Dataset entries
= Beginning of Section =

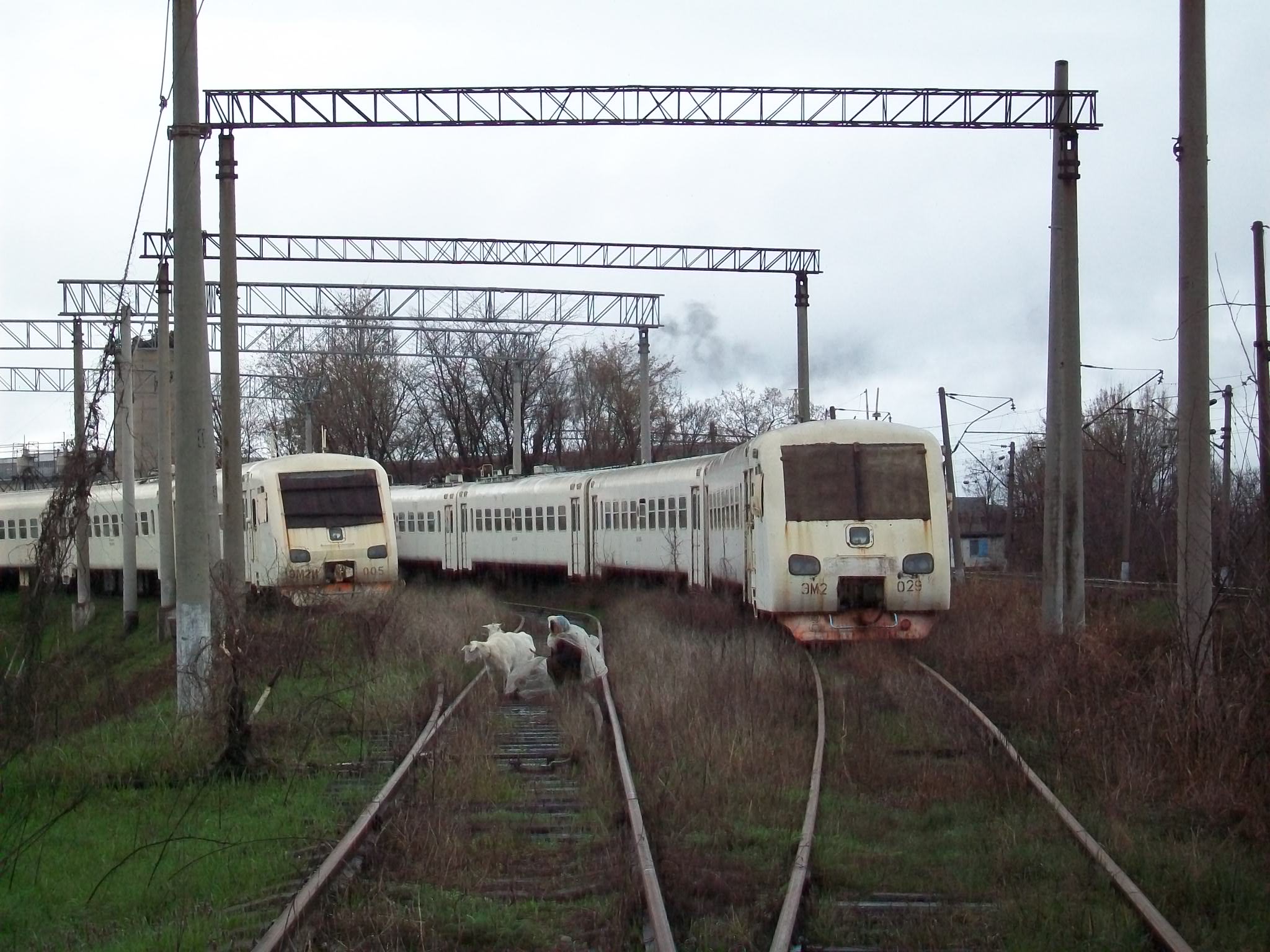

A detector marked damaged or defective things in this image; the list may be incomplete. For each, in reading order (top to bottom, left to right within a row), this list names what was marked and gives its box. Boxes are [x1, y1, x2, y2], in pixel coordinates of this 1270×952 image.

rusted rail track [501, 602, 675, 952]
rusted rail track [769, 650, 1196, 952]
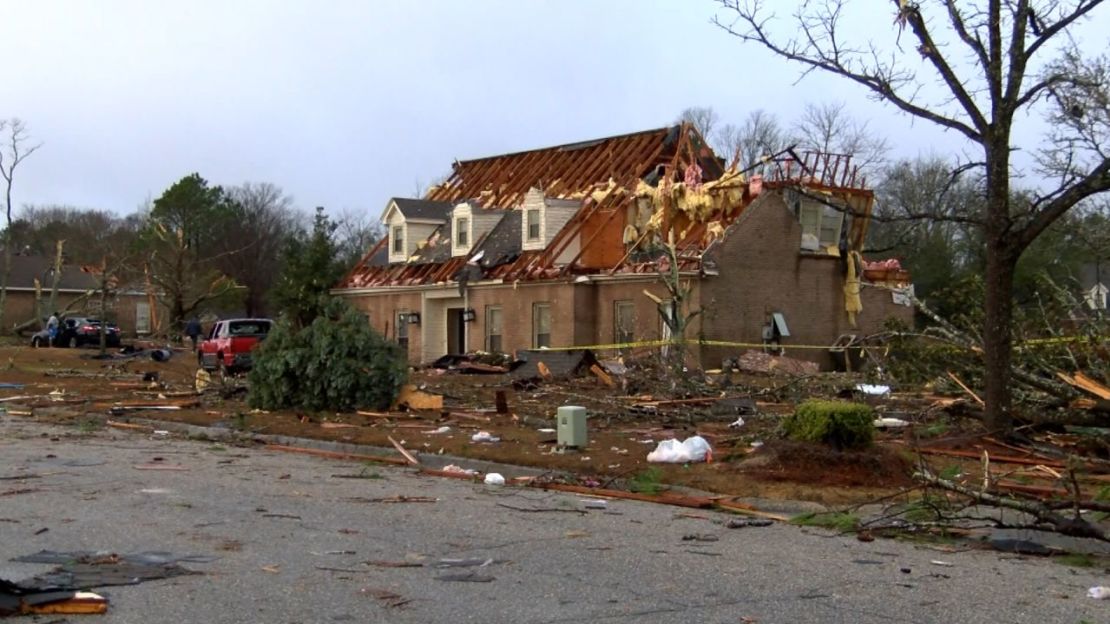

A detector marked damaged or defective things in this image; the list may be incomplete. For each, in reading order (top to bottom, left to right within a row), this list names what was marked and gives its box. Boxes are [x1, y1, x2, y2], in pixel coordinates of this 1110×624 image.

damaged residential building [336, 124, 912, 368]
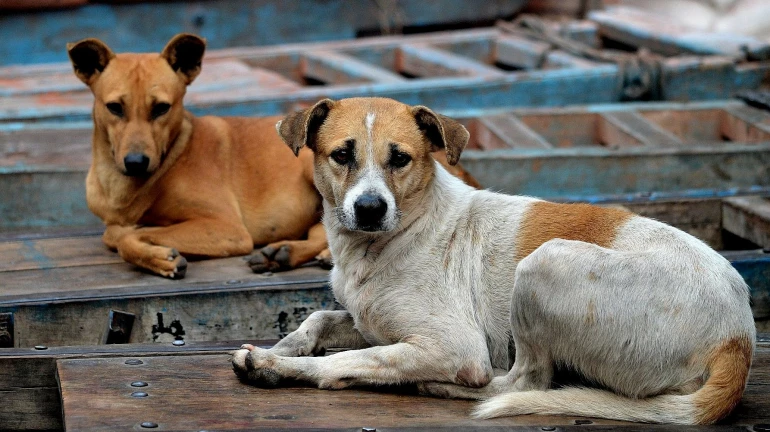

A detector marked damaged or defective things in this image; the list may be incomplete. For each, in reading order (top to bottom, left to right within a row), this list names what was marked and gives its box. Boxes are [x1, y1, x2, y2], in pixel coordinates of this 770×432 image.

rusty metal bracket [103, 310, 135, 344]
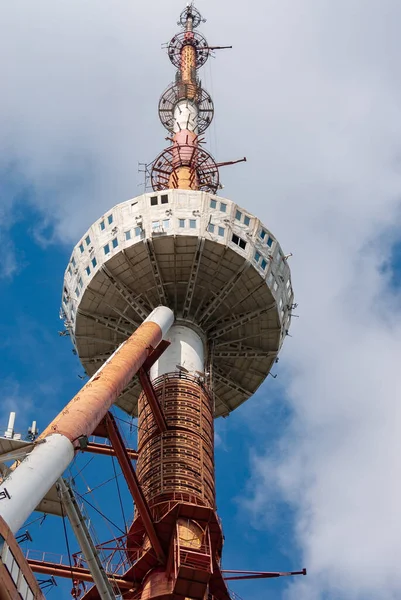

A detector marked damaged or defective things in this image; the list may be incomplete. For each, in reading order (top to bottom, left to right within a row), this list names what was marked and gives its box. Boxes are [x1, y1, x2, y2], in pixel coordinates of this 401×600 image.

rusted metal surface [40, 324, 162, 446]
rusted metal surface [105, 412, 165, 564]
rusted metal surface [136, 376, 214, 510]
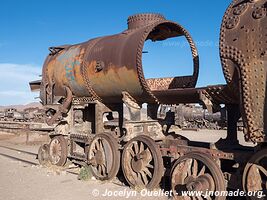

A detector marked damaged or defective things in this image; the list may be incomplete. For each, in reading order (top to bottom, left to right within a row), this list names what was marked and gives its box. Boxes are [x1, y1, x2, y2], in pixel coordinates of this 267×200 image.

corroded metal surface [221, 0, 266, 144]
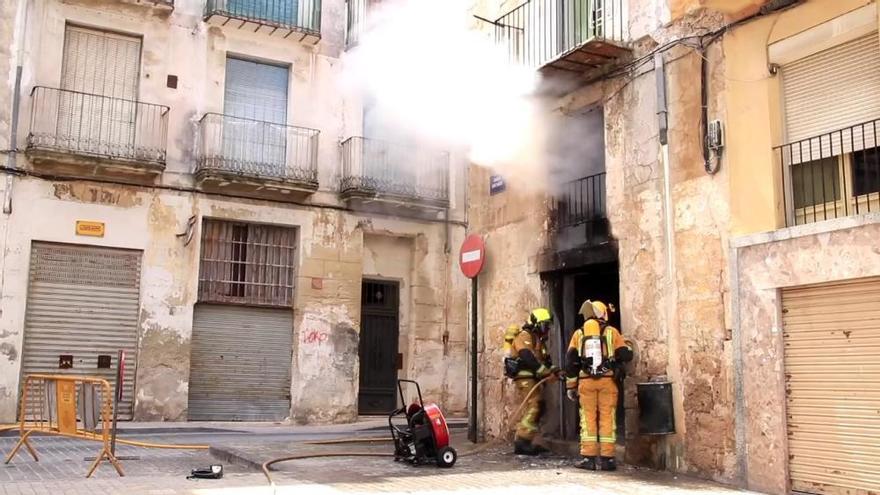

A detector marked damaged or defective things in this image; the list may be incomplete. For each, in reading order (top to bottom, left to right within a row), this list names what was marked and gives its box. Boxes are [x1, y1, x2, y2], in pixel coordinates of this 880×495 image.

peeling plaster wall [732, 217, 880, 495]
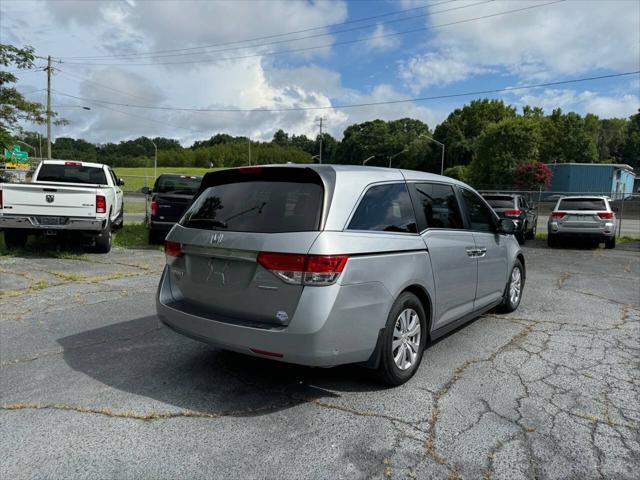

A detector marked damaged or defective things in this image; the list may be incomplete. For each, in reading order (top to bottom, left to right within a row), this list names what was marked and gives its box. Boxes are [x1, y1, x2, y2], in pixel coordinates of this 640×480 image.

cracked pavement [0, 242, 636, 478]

= End of Section =

- _Activity_: The output consists solely of the lines from the line that contains "this 640×480 image." through the final line of the data.

- _Response to this task_:
A detector marked damaged or defective things in this image; the list may be incomplete. For each, in reading order (top to bottom, left to right within a row), this list names what was marked and gives its box. Boxes are [x1, y1, x2, y2], in pixel coordinates of this 640×480 image.

cracked pavement [0, 242, 636, 478]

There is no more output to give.